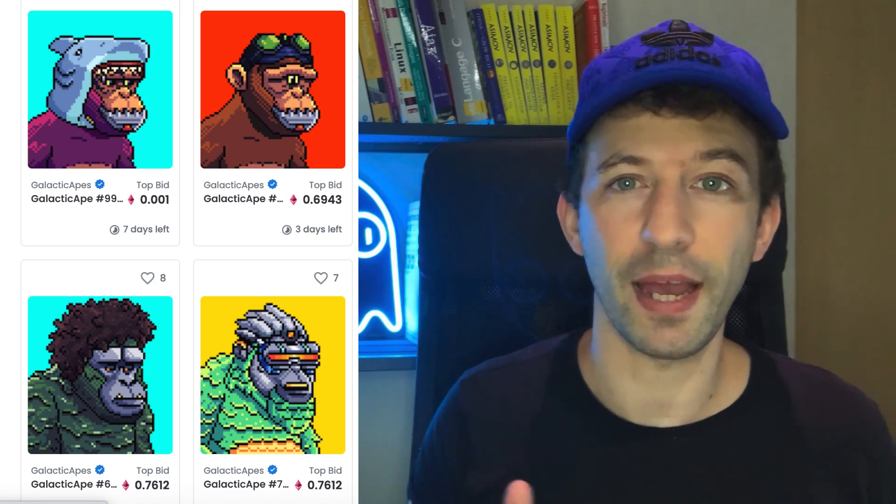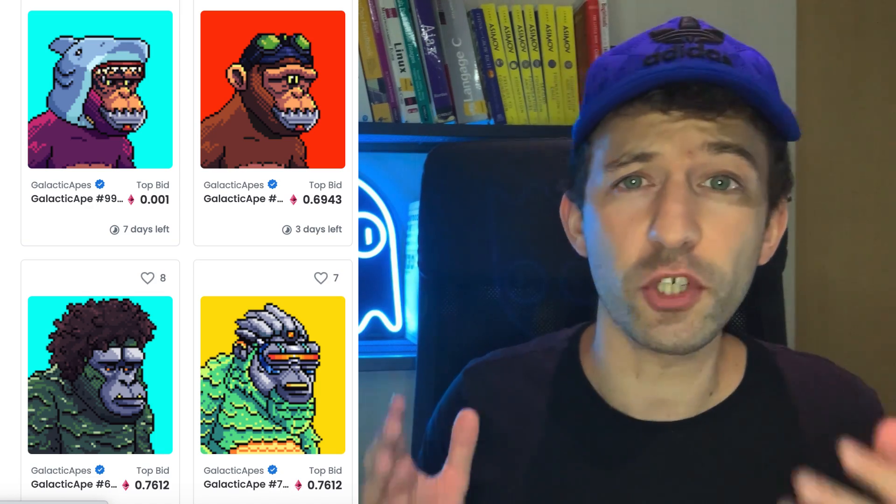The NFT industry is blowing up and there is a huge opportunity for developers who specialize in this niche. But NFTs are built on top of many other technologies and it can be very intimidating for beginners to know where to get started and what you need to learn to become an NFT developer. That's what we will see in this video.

####################

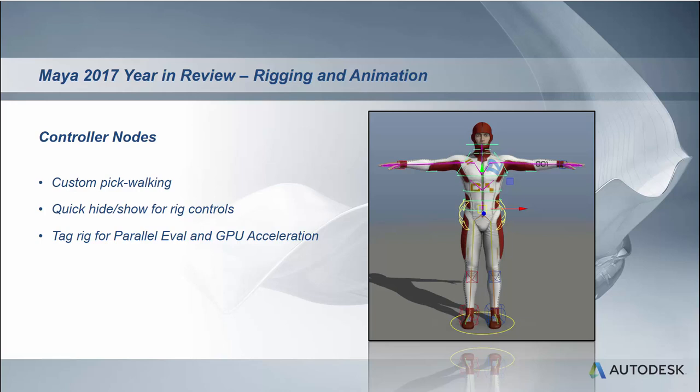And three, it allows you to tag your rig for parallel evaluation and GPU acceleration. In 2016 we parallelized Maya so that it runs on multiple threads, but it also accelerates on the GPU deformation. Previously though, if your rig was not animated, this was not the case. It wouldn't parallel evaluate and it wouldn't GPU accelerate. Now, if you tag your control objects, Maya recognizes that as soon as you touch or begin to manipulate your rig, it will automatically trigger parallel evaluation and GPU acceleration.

####################

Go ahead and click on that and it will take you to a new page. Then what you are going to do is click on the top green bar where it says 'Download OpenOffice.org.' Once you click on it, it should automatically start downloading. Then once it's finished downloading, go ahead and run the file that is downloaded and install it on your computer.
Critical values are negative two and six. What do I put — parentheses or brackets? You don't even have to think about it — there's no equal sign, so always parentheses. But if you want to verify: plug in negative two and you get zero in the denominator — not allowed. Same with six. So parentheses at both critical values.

####################

_WORK ITEM_.
Retype only the lines above between the line with "Go ahead and click" and the line with "Critical values are", counting those two lines as well, and keep every character as it is.

_EXERCISE RESULT_.
Go ahead and click on that and it will take you to a new page. Then what you are going to do is click on the top green bar where it says 'Download OpenOffice.org.' Once you click on it, it should automatically start downloading. Then once it's finished downloading, go ahead and run the file that is downloaded and install it on your computer.
Critical values are negative two and six. What do I put — parentheses or brackets? You don't even have to think about it — there's no equal sign, so always parentheses. But if you want to verify: plug in negative two and you get zero in the denominator — not allowed. Same with six. So parentheses at both critical values.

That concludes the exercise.